サザエさん症候群なる言葉があります。日曜日の夕方に放映される国民的漫画テレビ番組ですが、明くる月曜日を思い遣って気分が塞ぎこむ症状のことを指します。

月曜日があまり面白くないのはアメリカ人も同じ!?ようです。


If you hate your job, you're not alone. But having in-office access to catered meals, a pingpong table or free massages may not make you any happier at work.
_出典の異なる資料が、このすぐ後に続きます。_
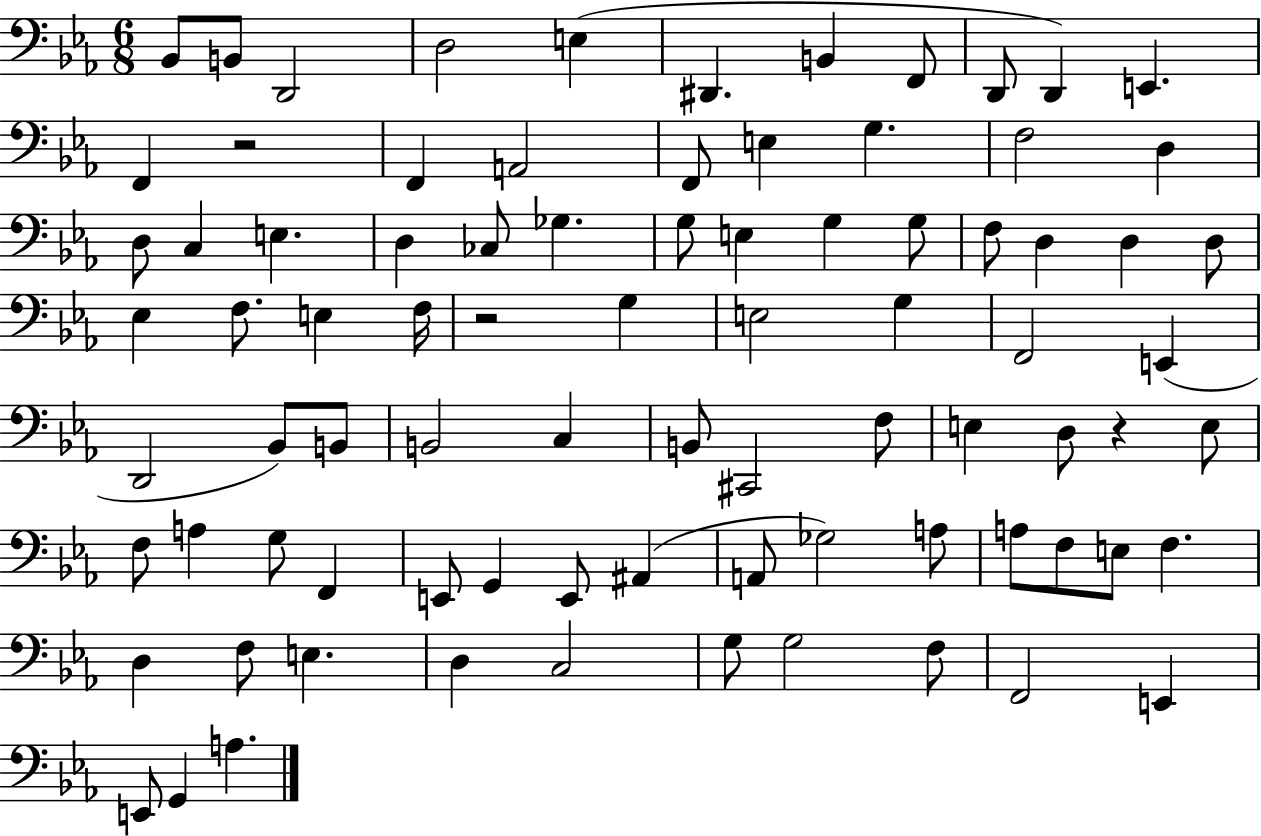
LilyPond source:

{
  \clef bass
  \numericTimeSignature
  \time 6/8
  \key ees \major
  bes,8 b,8 d,2 | d2 e4( | dis,4. b,4 f,8 | d,8 d,4) e,4. | \break f,4 r2 | f,4 a,2 | f,8 e4 g4. | f2 d4 | \break d8 c4 e4. | d4 ces8 ges4. | g8 e4 g4 g8 | f8 d4 d4 d8 | \break ees4 f8. e4 f16 | r2 g4 | e2 g4 | f,2 e,4( | \break d,2 bes,8) b,8 | b,2 c4 | b,8 cis,2 f8 | e4 d8 r4 e8 | \break f8 a4 g8 f,4 | e,8 g,4 e,8 ais,4( | a,8 ges2) a8 | a8 f8 e8 f4. | \break d4 f8 e4. | d4 c2 | g8 g2 f8 | f,2 e,4 | \break e,8 g,4 a4. | \bar "|."
}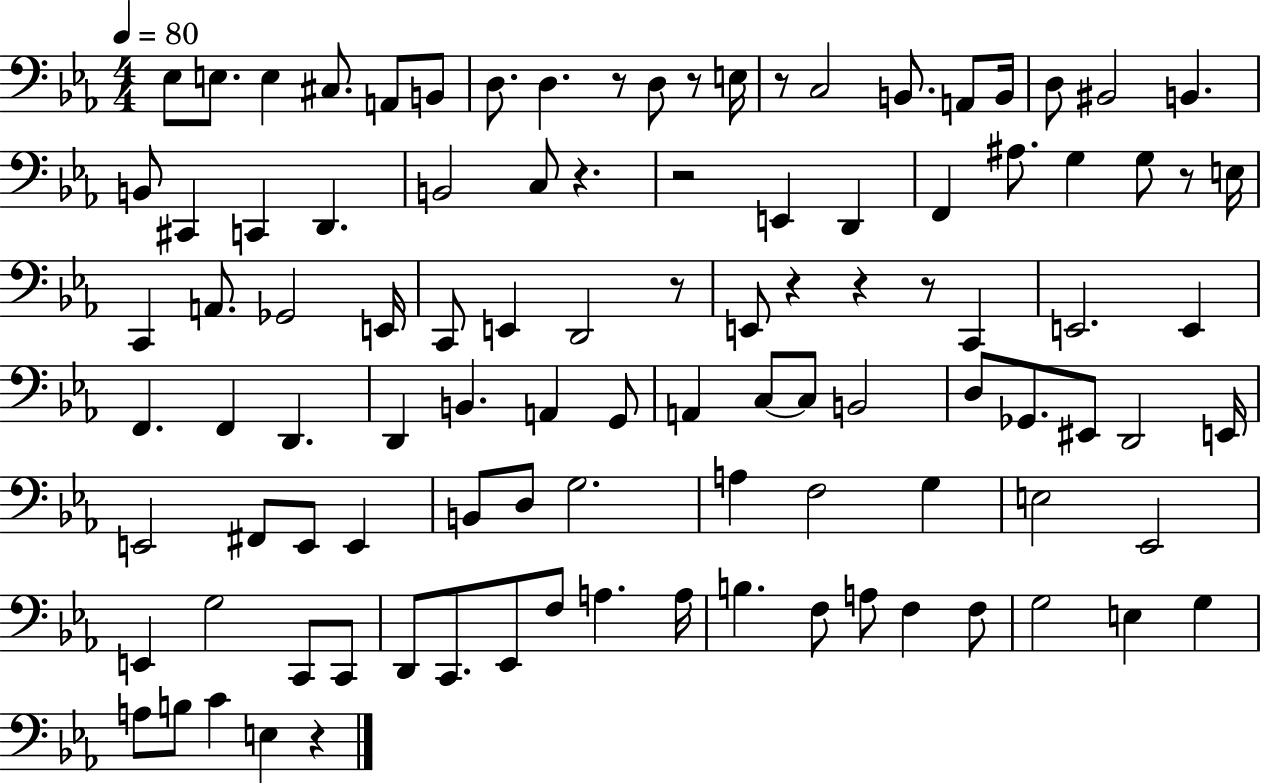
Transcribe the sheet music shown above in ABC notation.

X:1
T:Untitled
M:4/4
L:1/4
K:Eb
_E,/2 E,/2 E, ^C,/2 A,,/2 B,,/2 D,/2 D, z/2 D,/2 z/2 E,/4 z/2 C,2 B,,/2 A,,/2 B,,/4 D,/2 ^B,,2 B,, B,,/2 ^C,, C,, D,, B,,2 C,/2 z z2 E,, D,, F,, ^A,/2 G, G,/2 z/2 E,/4 C,, A,,/2 _G,,2 E,,/4 C,,/2 E,, D,,2 z/2 E,,/2 z z z/2 C,, E,,2 E,, F,, F,, D,, D,, B,, A,, G,,/2 A,, C,/2 C,/2 B,,2 D,/2 _G,,/2 ^E,,/2 D,,2 E,,/4 E,,2 ^F,,/2 E,,/2 E,, B,,/2 D,/2 G,2 A, F,2 G, E,2 _E,,2 E,, G,2 C,,/2 C,,/2 D,,/2 C,,/2 _E,,/2 F,/2 A, A,/4 B, F,/2 A,/2 F, F,/2 G,2 E, G, A,/2 B,/2 C E, z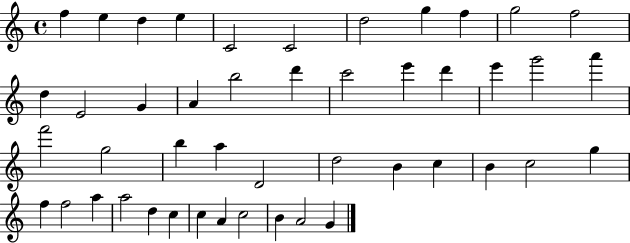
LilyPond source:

{
  \clef treble
  \time 4/4
  \defaultTimeSignature
  \key c \major
  f''4 e''4 d''4 e''4 | c'2 c'2 | d''2 g''4 f''4 | g''2 f''2 | \break d''4 e'2 g'4 | a'4 b''2 d'''4 | c'''2 e'''4 d'''4 | e'''4 g'''2 a'''4 | \break f'''2 g''2 | b''4 a''4 d'2 | d''2 b'4 c''4 | b'4 c''2 g''4 | \break f''4 f''2 a''4 | a''2 d''4 c''4 | c''4 a'4 c''2 | b'4 a'2 g'4 | \break \bar "|."
}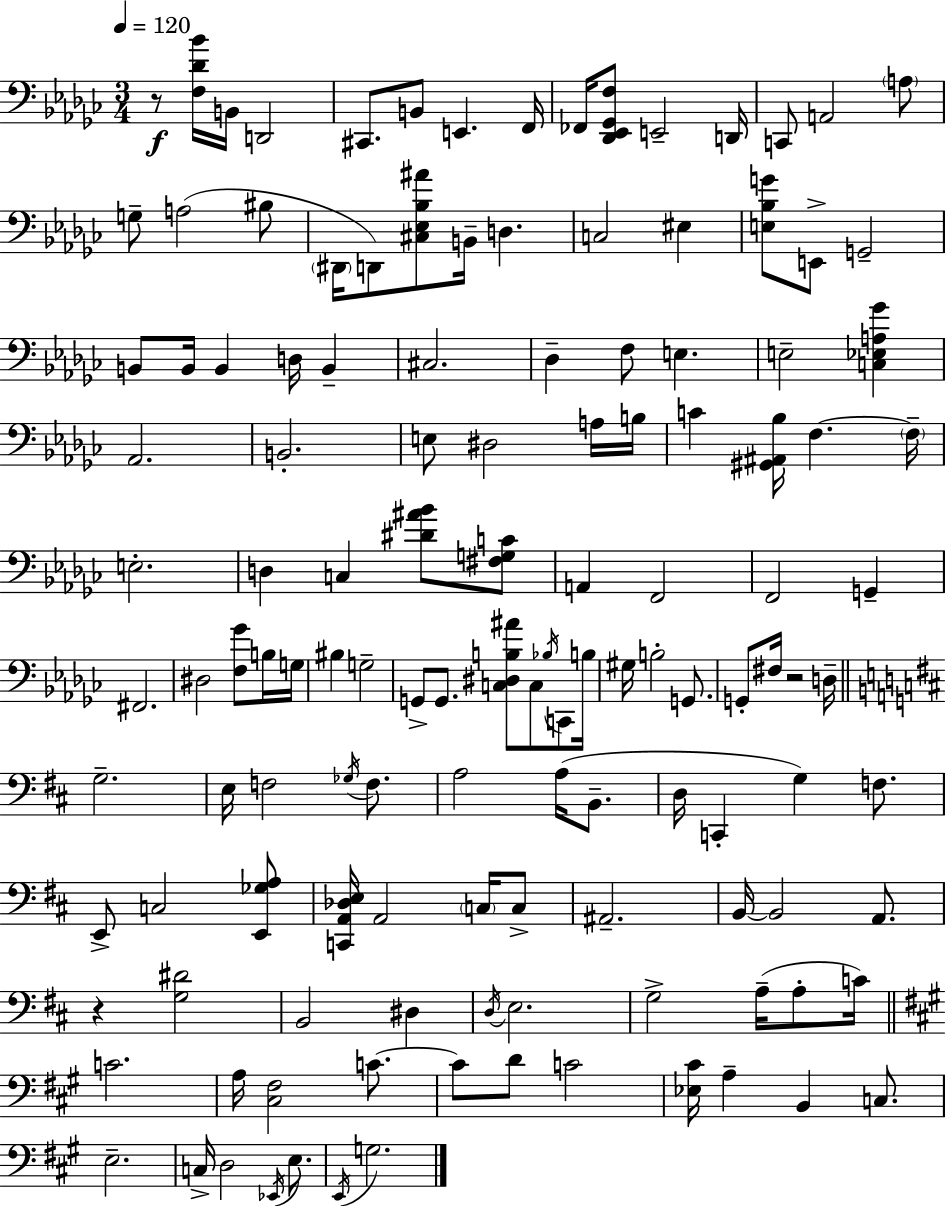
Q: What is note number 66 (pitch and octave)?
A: F#3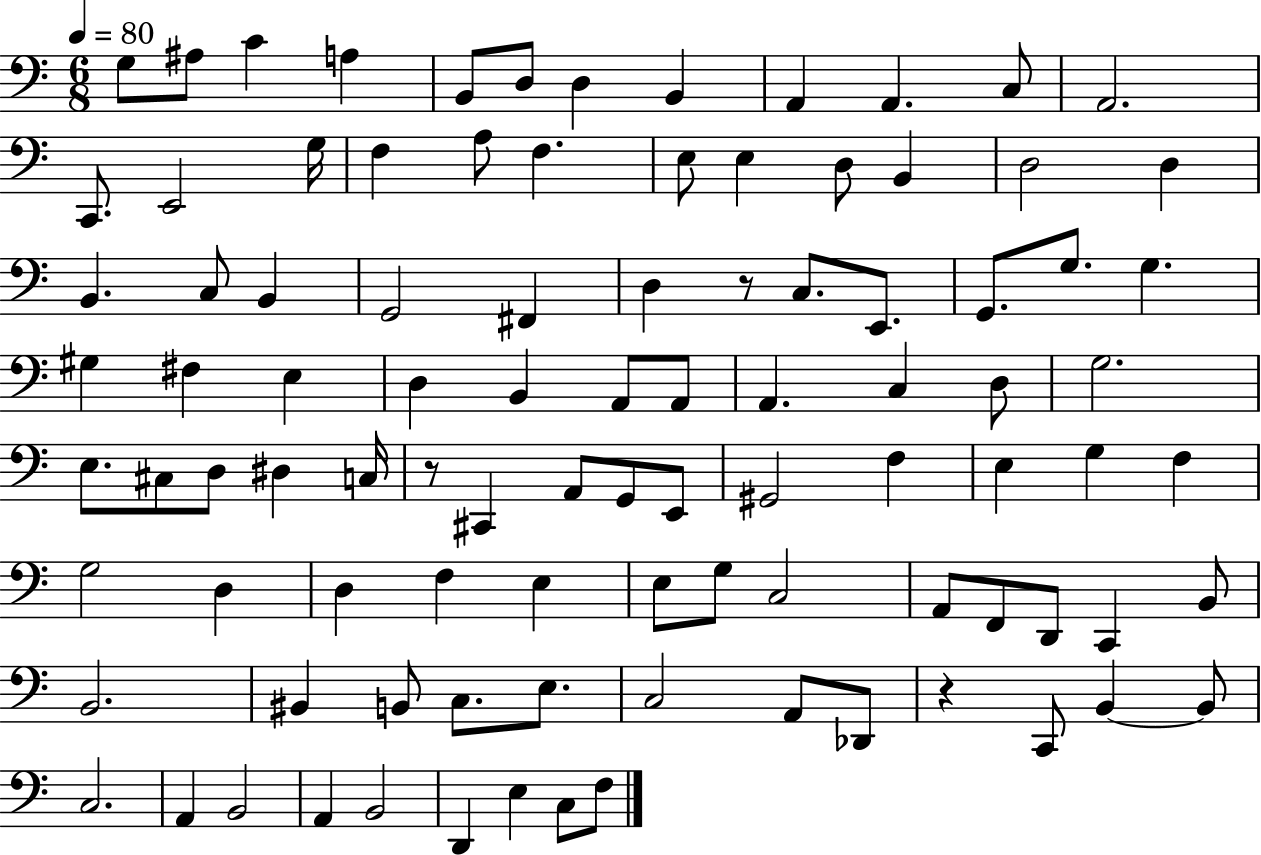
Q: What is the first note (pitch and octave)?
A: G3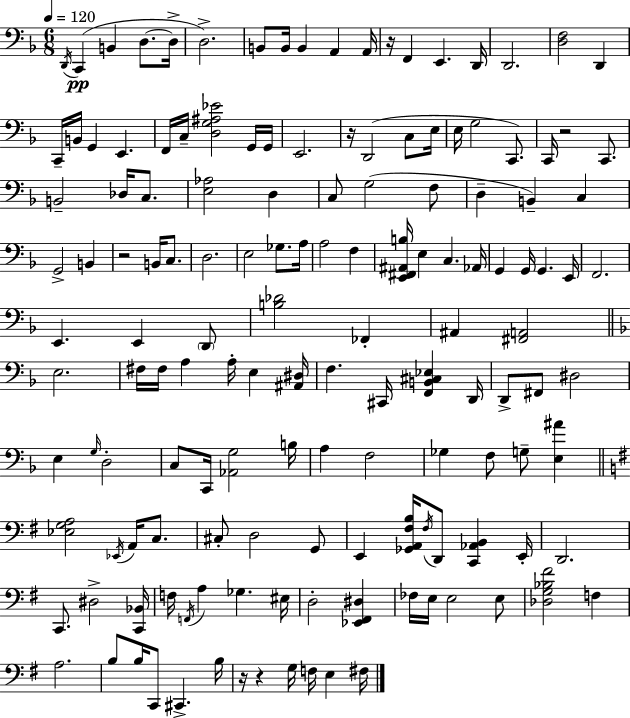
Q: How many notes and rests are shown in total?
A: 145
Just 30% of employees are engaged and inspired at work, according to Gallup's 2013 State of the American Workplace Report, which surveyed more than 150,000 full- and part-time workers during 2012. That's up from 28% in 2010. The rest … not so much. A little more than half of workers (52%) have a perpetual case of the Mondays — they're present, but not particularly excited about their job.
(Kelli B. Grant. Americans hate their jobs, even with perks. USA Today. June 30, 2013.)


USA Today紙からの上記引用ですが、後段に、


a perpetual case of the Mondays


という表現が出てきます。

これ、いわゆる月曜病のことを言っているんですね。

気分が塞ぐ月曜日という意味では、"blue Monday"という表現もあるようです。